At Fiesp, his management adopted measures such as the implementation of full-time education and the articulation of secondary education with the technician. This year, Sesi is the largest private education network in the country. In 2009, 1.2 million enrollments were registered in Senai-SP and 120 thousand in regular Sesi-SP education. Aside from this, Skaf also worked to tax exemptions, to debureaucratize processes, to increase investments in infrastructure, to expand foreign markets (created the "Business Diplomacy").

On September 30, 2009, Skaf joined the PSB, and in the 2010 elections, he received the PSB nomination for São Paulo governorship.

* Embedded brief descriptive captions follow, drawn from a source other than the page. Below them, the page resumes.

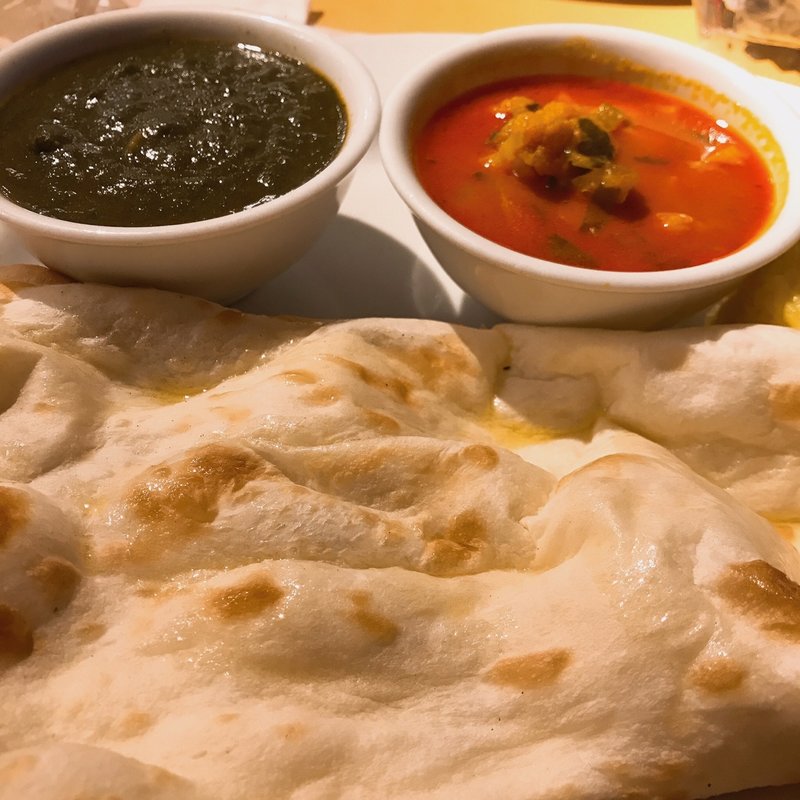 ほうれん草とマッシュルームのカレー(ヒマラヤ)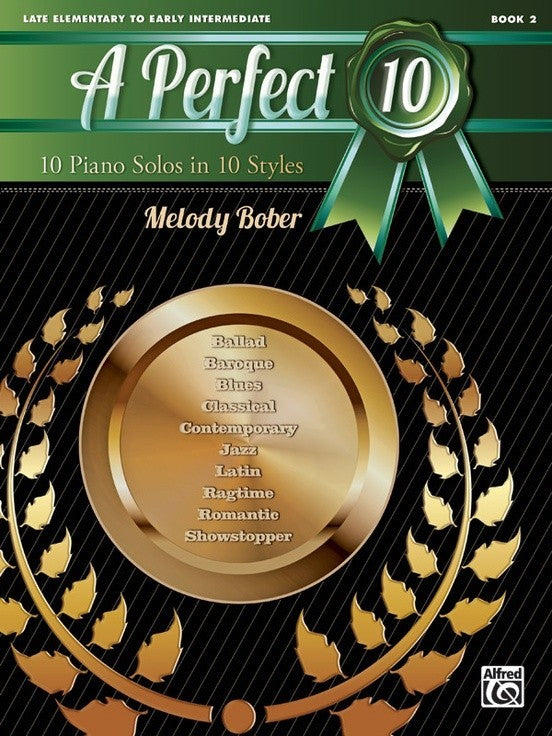 A Perfect 10 Piano Solos in 10 Styles. Book 2. Bober, melody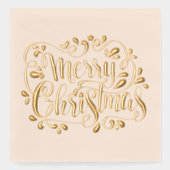 2025 Vrolijk Kerstfeest Folie Servetten (Voorkant)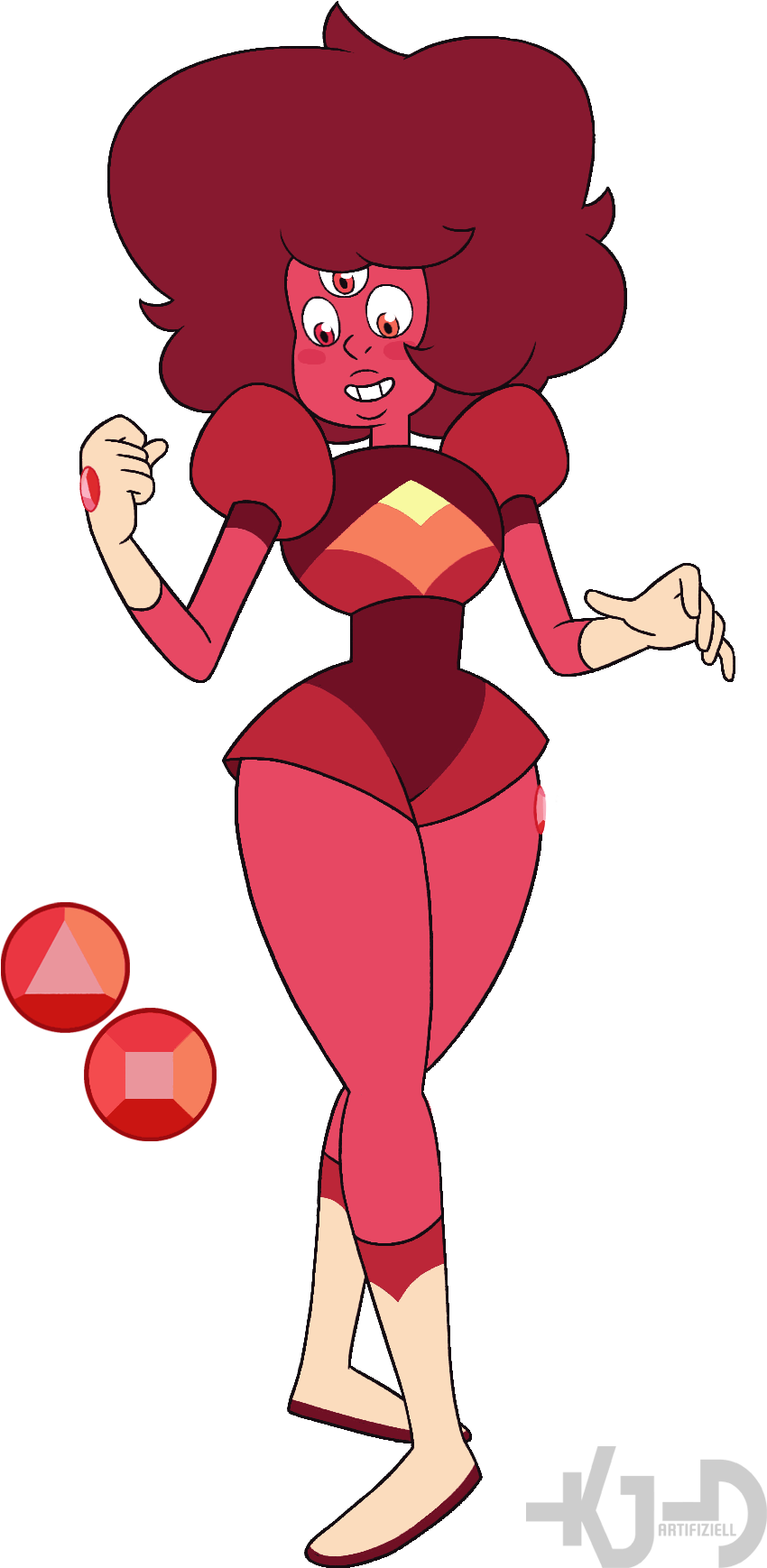 Tumblr P2mygpzkha1qdzypro3 R2 1280 1,008×1,811 Pixels - Steven Universe Padparadscha Garnet (1008x1811), Png Download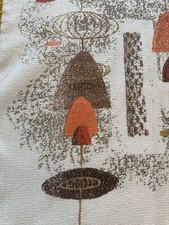 Tablecloth MCM Atomic Vtg 50s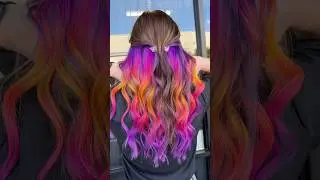 Manifesting all the vivid hair and extensions in 2025! 💜 #sunsethair #vividhair #hair #hairtutorial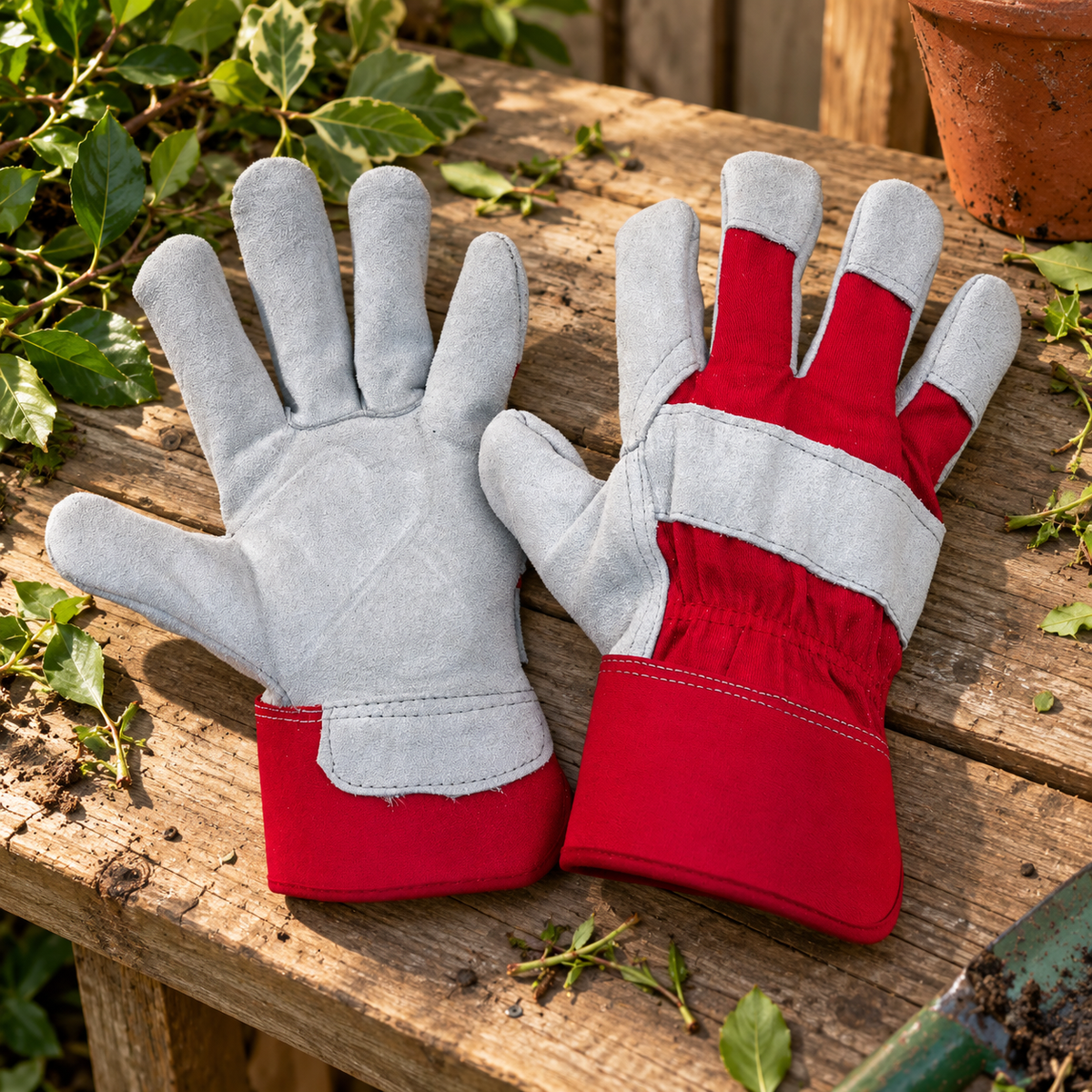Kent & Stowe Red Rigger Gloves, Medium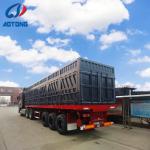 Juyuan Trailer 3 Axles Swing Open Type Cargo Box Van Semi Trailer Wing Dry Van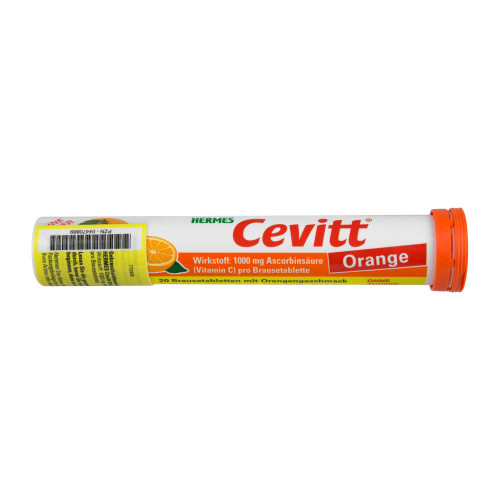 Hermes Cevitt Orange Brausetabletten mit Orangengeschmack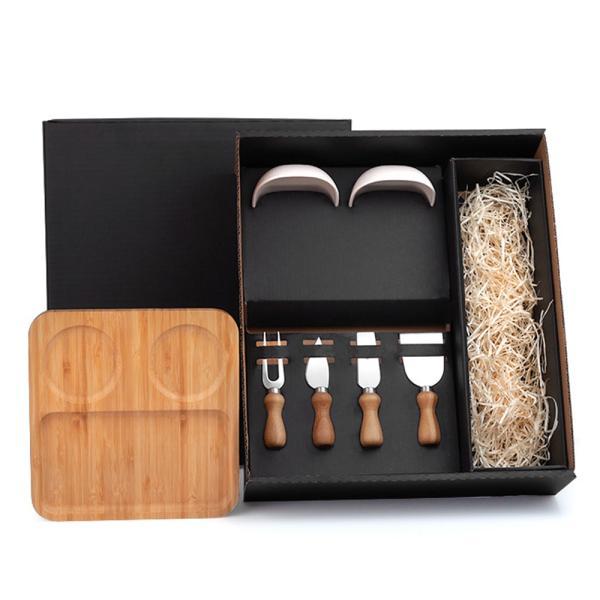 Conjunto para petisco com espaço para garrafa - 7 pçs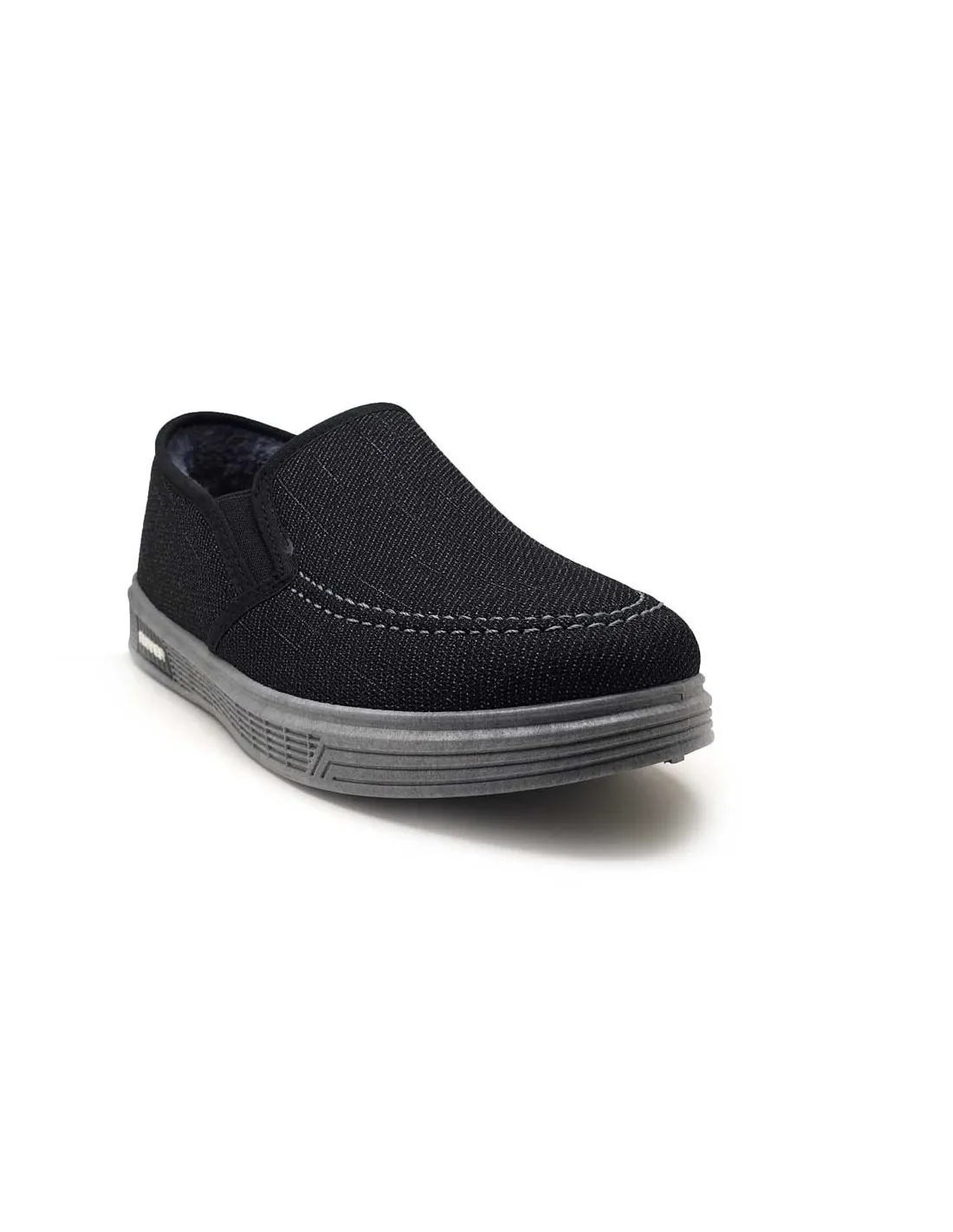 DAVS ZAPATILLA HOMBRE BORREGUITO CÓMODA Y CALENTITA E142NEGRO 6X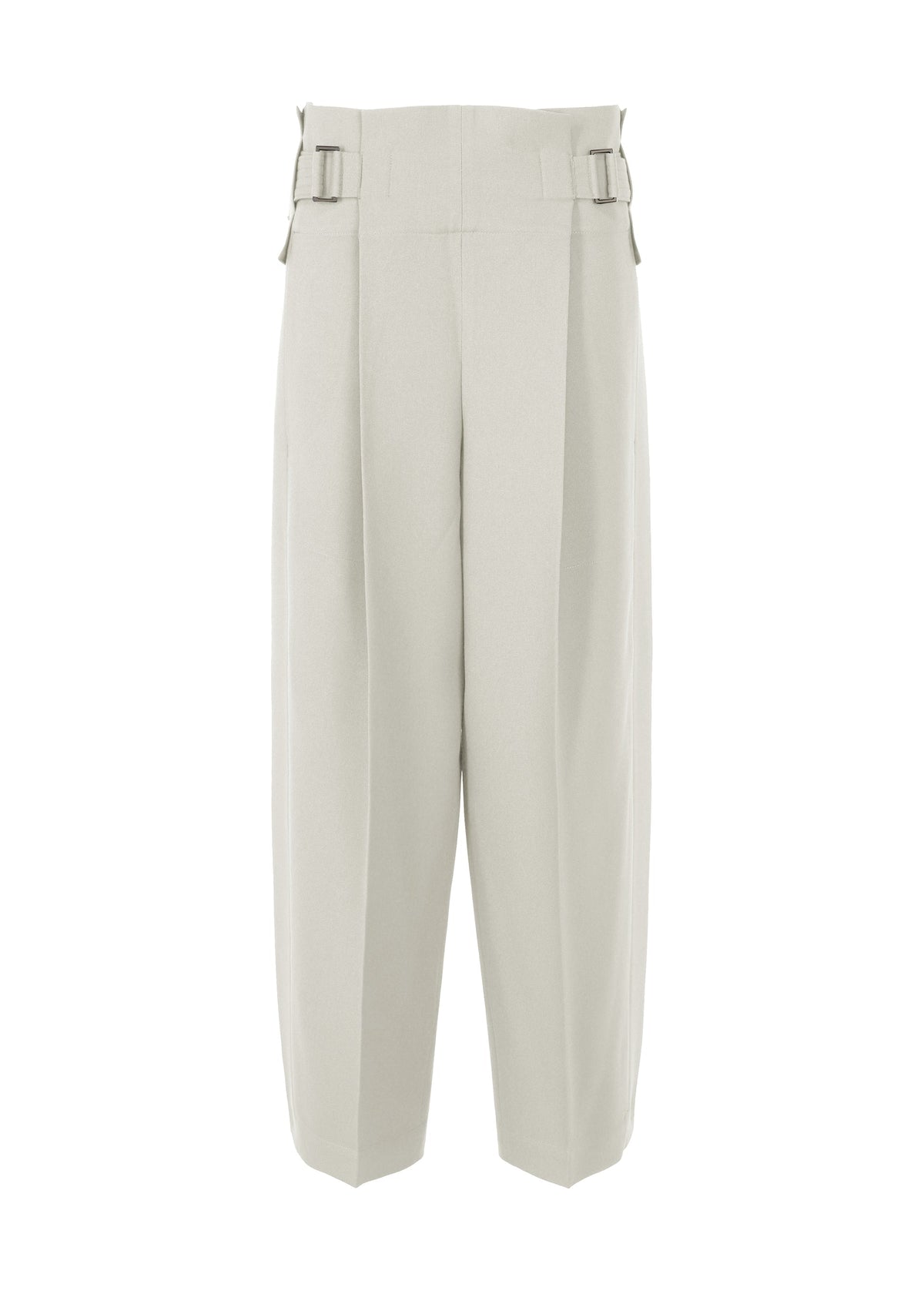 WOOL LIKE FLAT TUCK, Women's Pants, White view 3 of 10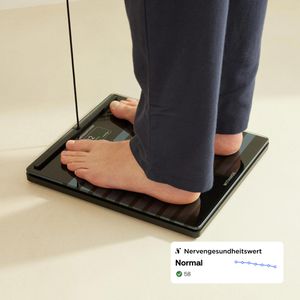 Produktbild für Personenwaage Withings Body Scan, App-fähig, schwarz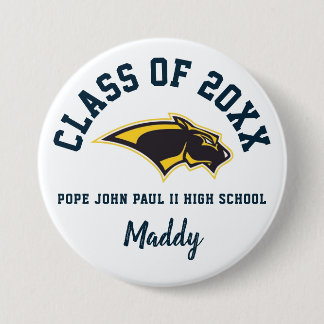 Pope John Paul Ii High School Button Logo Custom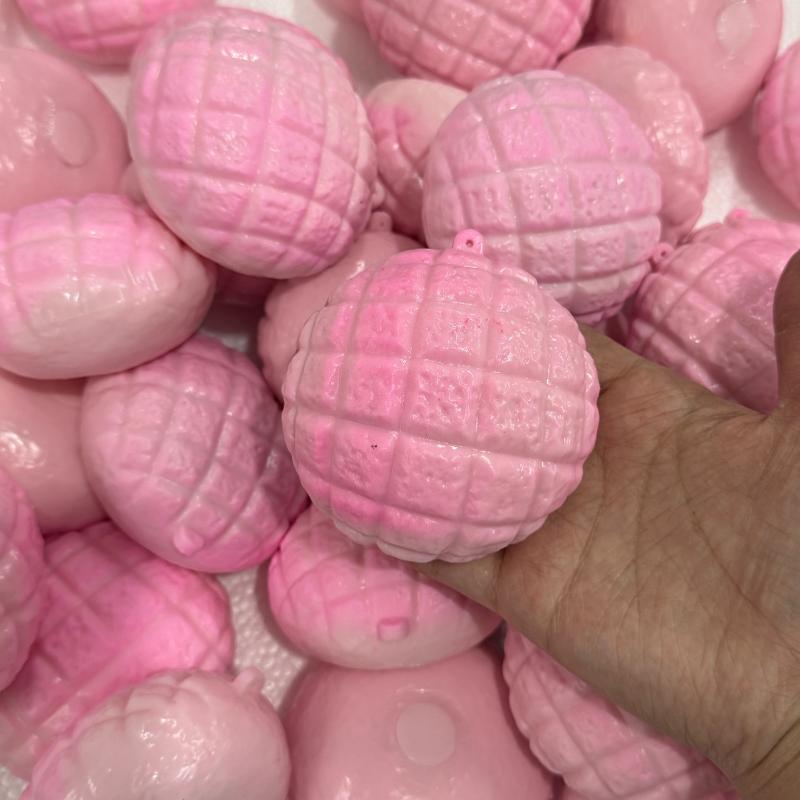 Pink Pineapple Bun Stress Ball Toast Squeeze Toy Moldable Slow Rebound Squeeze Ball Asmr Sensory Anti Stress Fidget Squeeze Toys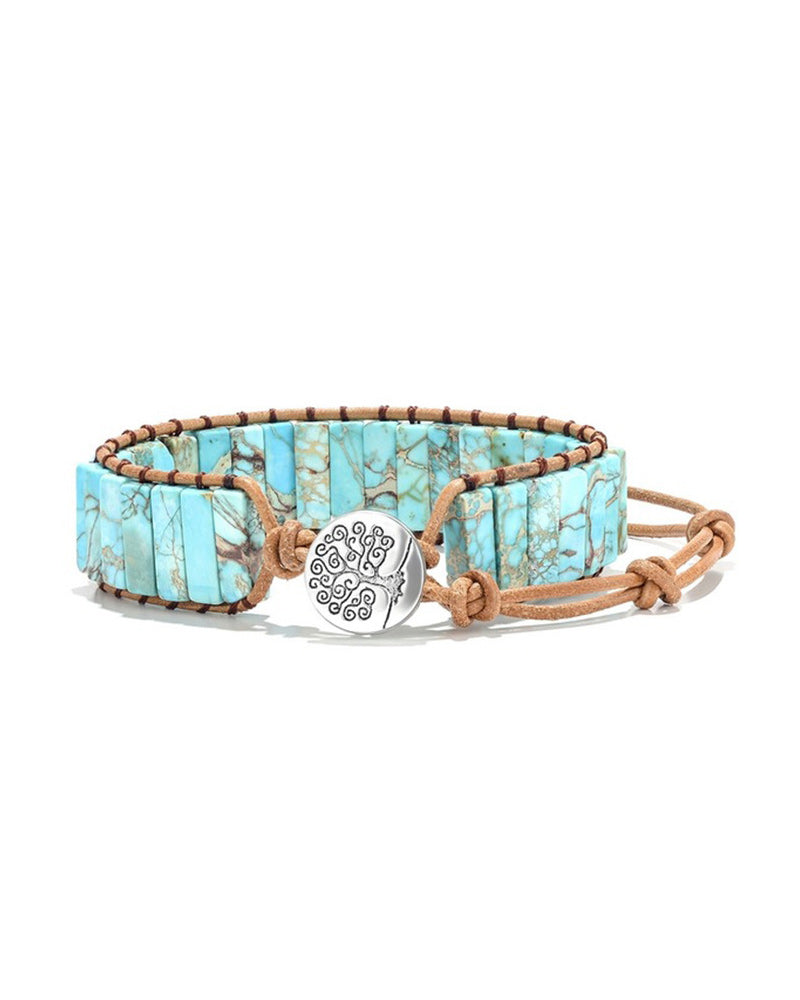 Boho style stone bracelet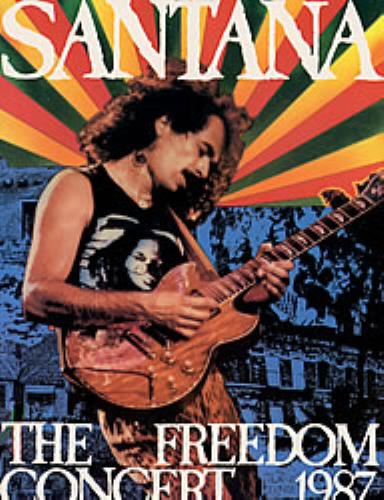 Santana The Freedom Concert 1987 tour programme UK SNTTRTH184849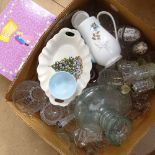 Glass jugs, vases etc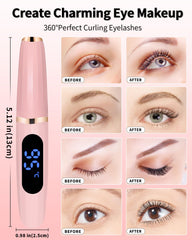 BeautyCurls ergonomic 15° curved head provides safe lash curling skillfully.
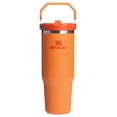 thumbnail image 1 of Pajita abatible Stanley IceFlow 2.0, 900 ml, color dorado, color coral, 1 of 6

Despite the socialist label, Skaf presented neoliberal proposals such as the collection of tuition fees in state public universities. He was ranked 4th with 1,038,430 votes (4.56% of the valid votes), behind Geraldo Alckmin (PSDB) - 1st place and elected in the first round with 11,519,314 votes (50.63% of the valid votes) Of Aloizio Mercadante (PT) - 2nd place with 8.016.866 votes (35.23% of valid votes) - and Celso Russomano (PP) - 3rd place with 1,233,897 votes (5.42% of valid votes).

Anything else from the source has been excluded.